Brisbois pulled on his goatee a moment, a dubious expression crossing his features, then he sat down again by the fire. He said, “All I was saying was that Verdilith is sure to find us eventually, drawn to that sword like a moth to a flame. Here, in this blasted town, we have no defense. There’s nowhere to run, and nowhere to hide. He could kill us all with a single breath.”
“We’ve got to guard the abaton,” Jo said, glaring askance at the man.
“One of us does,” he replied. “The rest should wait in reserve to attack if needed.”
“And what do you suggest?”
“I have no suggestion,” he replied. “That’s why I asked if you have any other plans for your defense.”
“Why don’t we ask Karleah? She knows this place better than we do. She could probably find a place for us to stay that isn’t quite so … exposed,” Braddoc suggested.
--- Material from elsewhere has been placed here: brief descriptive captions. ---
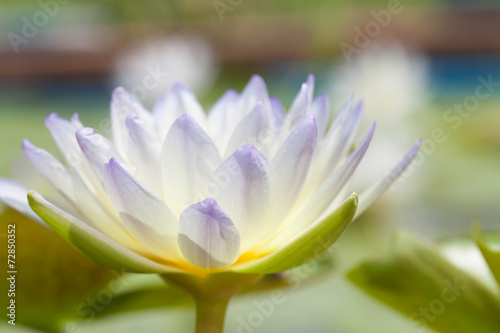 Purple lotus flower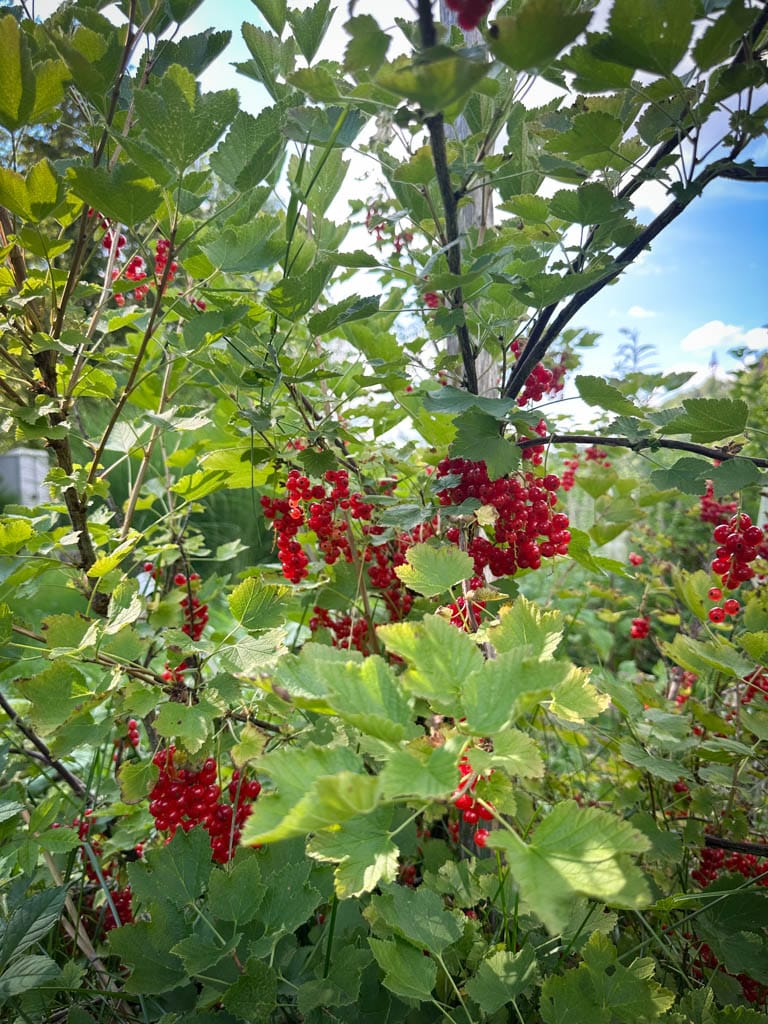 2026-waldgarten-sommer–2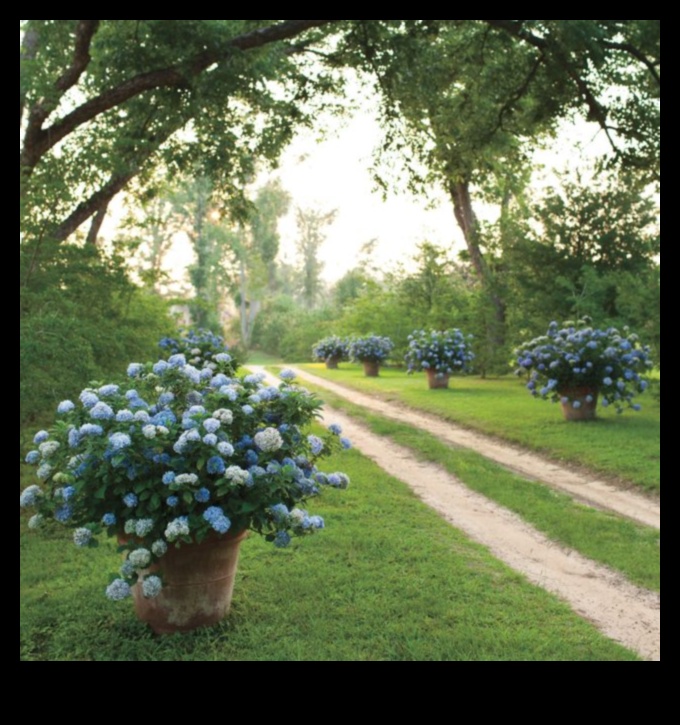 الأناقة الخارجية: تصميم الحدائق يفوق التوقعات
Brisbois shook his head. “I don’t think that’s a good idea just yet. The old woman seems engrossed in whatever she’s doing.”
“For once I agree with you,” Jo said. “And I hate to say it, but you are right about us getting out of the open.”
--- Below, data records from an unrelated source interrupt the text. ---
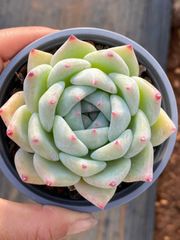 多肉植物 Z3544 ドイツシャンペン 18株 土鉢づき エケベリア セダム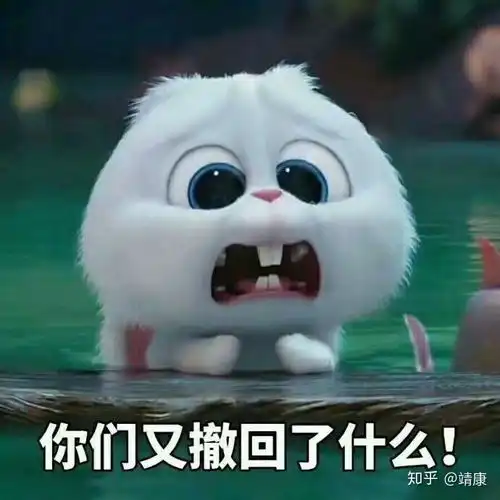 你最近常用的表情包是什么鸭
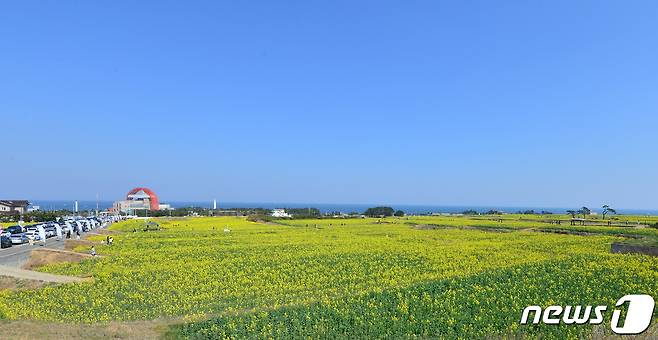 19일 오후 경북 포항시 남구 호미곶면 새천년광장 유채꽃 밭이 노란색으로 물들고 있다. 2023.3.19/뉴스1 ⓒ News1 최창호 기자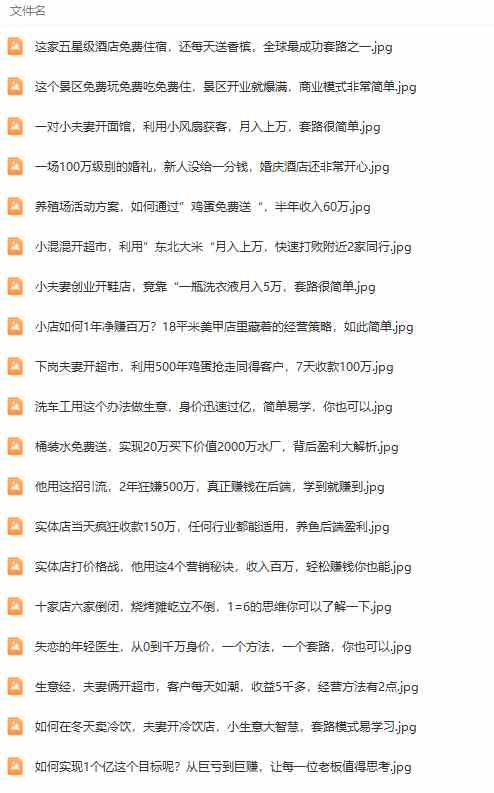 图片[4]-（9607期）真实有效391套商业模式，年入几十到几百万案例解析（电子书+视频+图文）-佳佳云创网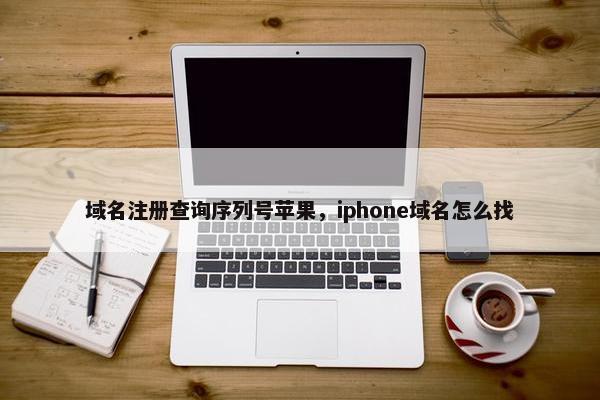 域名注册查询序列号苹果，iphone域名怎么找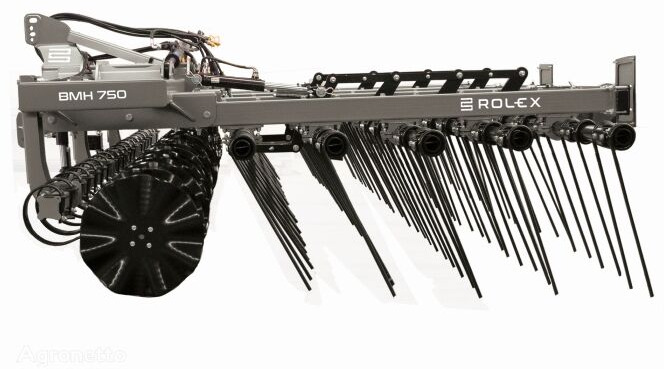 Rol/Ex BM hydraulicznie składana 3,0m - Spring tine harrow: picture 2 Rol/Ex BM hydraulicznie składana 3,0m - Spring tine harrow: picture 2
The squire looked over her shoulder to the inmoving form of the old woman. “We might be here a little while.”
“Then let’s start now,” Brisbois said, rising and dusting himself off again. “You keep guard over Karleah and Dayin while Braddoc and I go off to find someplace to hole up.”
Jo was about ready to agree with the proposal when a voice in her head said, Don’t let him have the upper hand. If he chooses the place where you’ll camp, he’ll know it better than you. But neither did she trust him to guard Dayin and Karleah. Jo made an angry cutting motion with her hand. “You’re staying near me, bondsman! Braddoc will post guard and you and I will find better cover.”
Brisbois turned to Braddoc and shrugged. The dwarf made no reply as he leaned on his axe. “Fine by me.”
Jo turned to Brisbois, who stood waiting, sword hand on the pommel of his weapon. The young squire made a commanding gesture, and the two headed off into darksome Armstead.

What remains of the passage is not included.